#### ABOUT THIS EXERCISE:
Only the lines from the one with "Quebra-cabeça Mystic Boho" to the end of the listing below should be set down, exactly as written and without any pictures.

#### DATA EXCERPT:
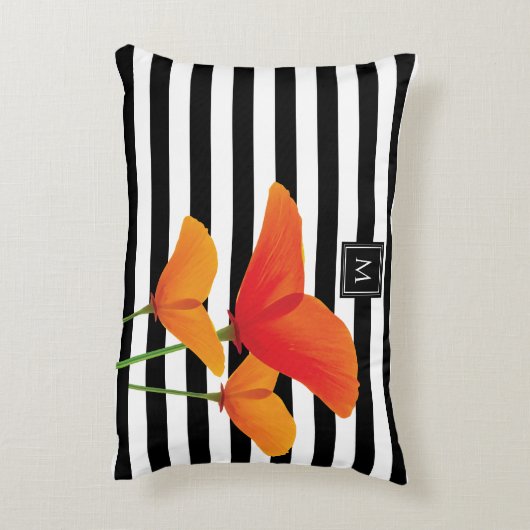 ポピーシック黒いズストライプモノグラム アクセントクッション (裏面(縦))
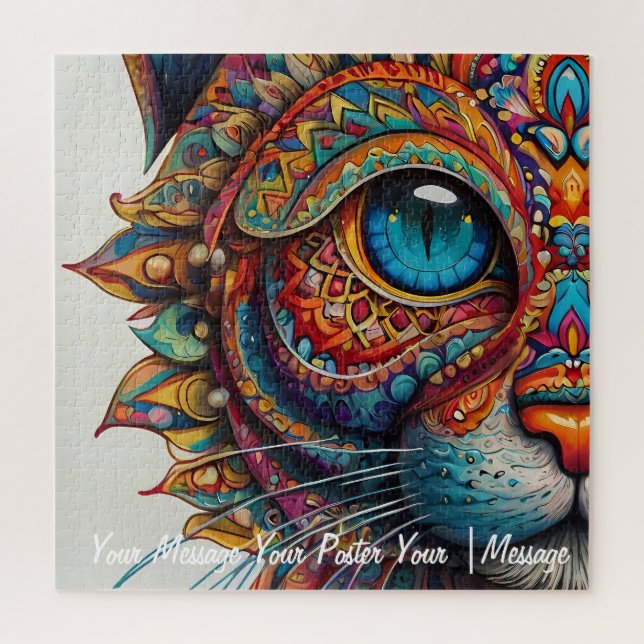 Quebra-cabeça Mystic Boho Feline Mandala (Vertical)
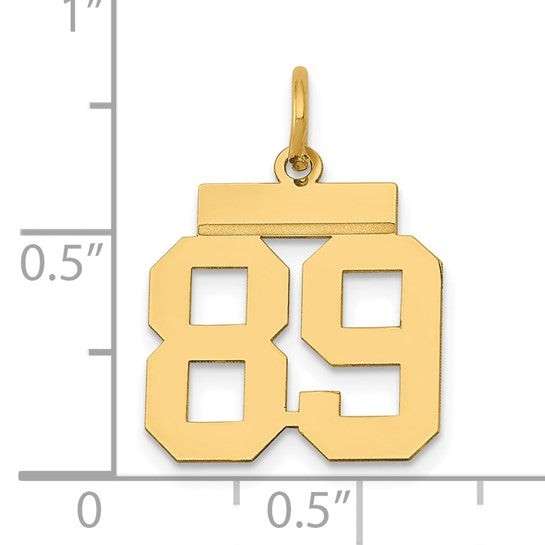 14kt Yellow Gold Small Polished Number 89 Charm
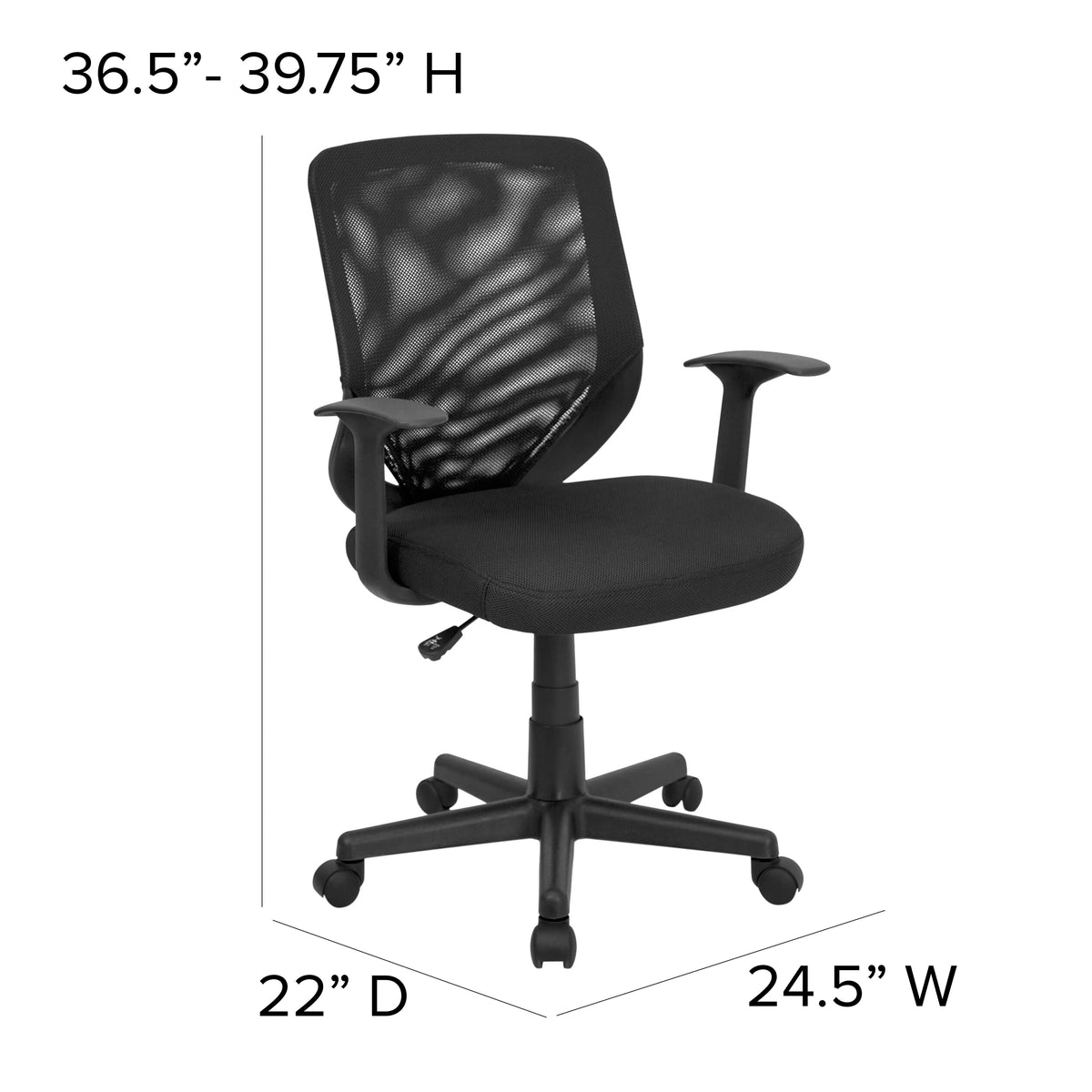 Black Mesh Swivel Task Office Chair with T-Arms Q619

#### TASK ANSWER:
 Quebra-cabeça Mystic Boho Feline Mandala (Vertical)
 14kt Yellow Gold Small Polished Number 89 Charm
 Black Mesh Swivel Task Office Chair with T-Arms Q619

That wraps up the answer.